■ **What is needed**
All of the data below should be set down again verbatim, without any images.

■ **Given data**

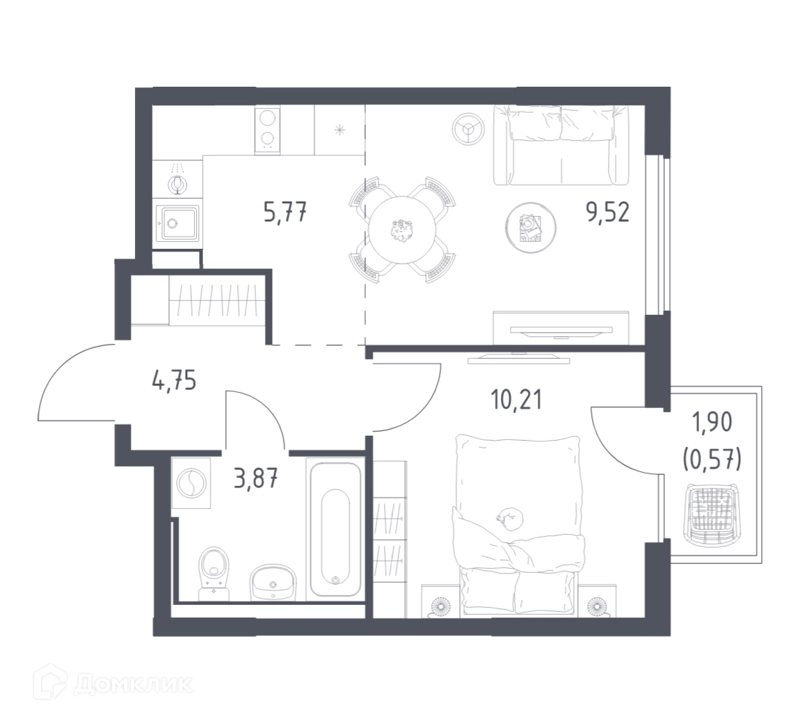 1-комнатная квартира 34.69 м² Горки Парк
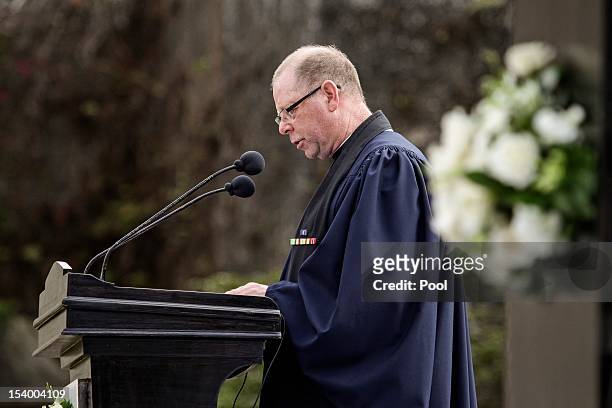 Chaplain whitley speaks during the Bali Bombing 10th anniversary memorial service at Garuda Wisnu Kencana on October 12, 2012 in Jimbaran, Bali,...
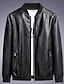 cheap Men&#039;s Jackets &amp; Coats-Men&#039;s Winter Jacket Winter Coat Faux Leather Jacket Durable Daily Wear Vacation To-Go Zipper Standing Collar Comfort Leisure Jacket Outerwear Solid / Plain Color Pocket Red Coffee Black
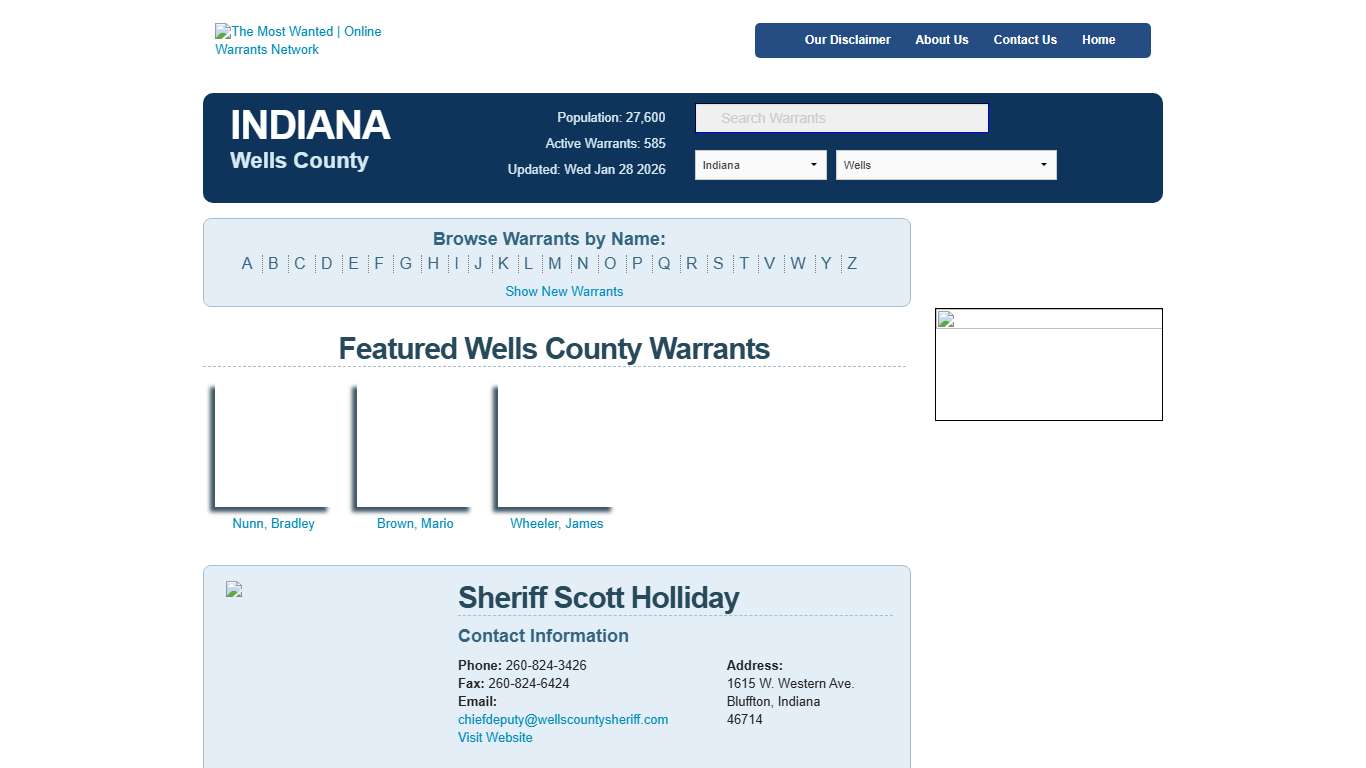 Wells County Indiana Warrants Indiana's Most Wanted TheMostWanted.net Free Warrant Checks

■ **Written answer**
 1-комнатная квартира 34.69 м² Горки Парк
 Chaplain whitley speaks during the Bali Bombing 10th anniversary memorial service at Garuda Wisnu Kencana on October 12, 2012 in Jimbaran, Bali,...
 cheap Men&#039;s Jackets &amp; Coats-Men&#039;s Winter Jacket Winter Coat Faux Leather Jacket Durable Daily Wear Vacation To-Go Zipper Standing Collar Comfort Leisure Jacket Outerwear Solid / Plain Color Pocket Red Coffee Black
 Wells County Indiana Warrants Indiana's Most Wanted TheMostWanted.net Free Warrant Checks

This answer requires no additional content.